Bagi Tio hujan adalah lambang kesetiaan. Untaianya mengandung makna mendalam. Setiap butir penuh dengan selaksa cerita. Ketika jatuh dari langit ada gurat bahagia. Tak putus hingga menyentuh semesta.
Begitu pun Tio yang kerap menunggu dalam resah hati. Jikalau hujan hadir seakan bahagia mengiringi. Hingga suara lembut kembali menyapa dari seberang gawai. Gundah seketika sirna terganti harap segera tercapai.

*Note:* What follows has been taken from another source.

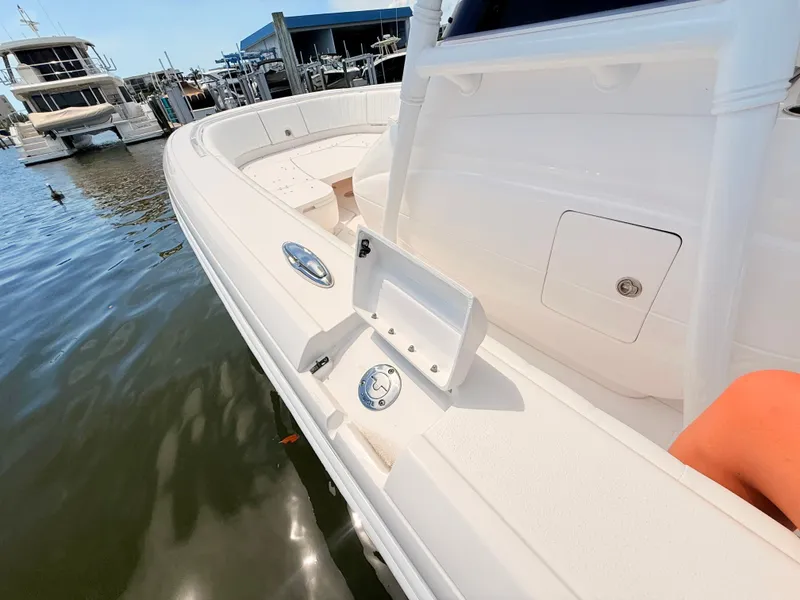 Slide: The Image of Intrepid 327CC 2020 boat docked with luxurious design. - 41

Rupanya Tio ingin berlama lama mengurai cerita pun canda. Namun dia tak bisa egois begitu saja. Gadis itu hanya memiliki waktu sebentar saja. Dia harus menunaikan kewajibannya.
Ratri, gadis yang pernah sekali berjumpa namun melekat dihati tak hanya sesaat hadirnya. Dia merawat ibunda yang sakit beberapa waktu cukup lama. Kiranya Tio harus rela menunggu hingga Ratri kembali menyapanya.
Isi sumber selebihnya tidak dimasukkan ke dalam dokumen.